Once I was out of diapers, I was pretty much my Dad’s sidekick – I really appreciate that to him it didn’t matter that I wasnt a boy – I got to “help him” with farm stuff, go fishing together, etc. As I got older, I loved getting increasing responsibilities with the farm work. Probably my favorite childhood farm memory is the hay “forts” Dad would build me to ride in down to the back pasture to feed the cows.
I became very involved with 4-H and then FFA, where I was able to rent some land we hadn’t previously farmed for my project. This gave me in-depth production experience as a teen, and I was the only kid in my senior year Personal Finance course to not only know what an IRA was, but already have one! My FFA efforts earned me the State Star Farmer recognition my senior year.
I decided to attend OSU so I could continue farming with my Dad. I was in the University Honors College and a member of the Women’s Rowing Team. I graduated with a double major in Ag Business Management and Ag & Resource Economics, as well as minors in Crop Science and Natural Resource & Environmental Law & Policy. I also completed a Masters in Agriculture because honestly, I had another year of NCAA eligibility and wanted to keep rowing!

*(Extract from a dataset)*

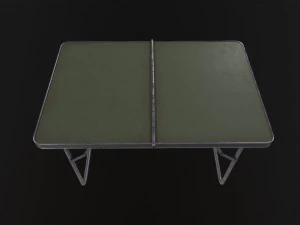 Military metal table 3D Model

Q: What does your life look like today?
Today, I run my family farm with my Dad near Rickreall raising a variety of crops including several species of grass seed, canola, wheat, oats, alfalfa, turnips, and beef cattle. I also joined another family farm when I married my husband Troy. Today, he and I run that operation in the Silverton Hills near Drakes Crossing, raising fine fescue, oats, canola and beef cattle. As my kids have gotten bigger, I have loved the times when we have all three current generations out working in the same field or on the same project.
Q: How did you get involved with Oregon Aglink?
I knew what Oregon Aglink was, but honestly I didn’t know that much about the organization prior to attending the Denim & Diamonds event around ten years ago. After that, I was approached by Geoff Horning, the Executive Director at that time, about joining the board. I had been wanting to do more ag education work through Farm Bureau, which I’m also involved in, so when I had lunch with Geoff and he slid over a brochure that had the words “Promotion & Education” on the cover, I was sold. I have loved working with such a dedicated staff that shows so much appreciation for you just passing along ideas and feedback, and even more so appreciates you for actually volunteering time.
Q: How do you connect your hopes for the future with the work you’ll do this year?
I want to make sure my kids will have the same opportunities as I did to be involved with Oregon agriculture in the future. They’ll be the fourth and sixth generations to work on the two farms in our family. Connecting with the 98% of people who don’t actively farm, helping them understand and value our industry, is the best way to do that.
I want to do anything I can to help raise Oregon Aglink’s ability to connect with and educate those who live and work outside of farming.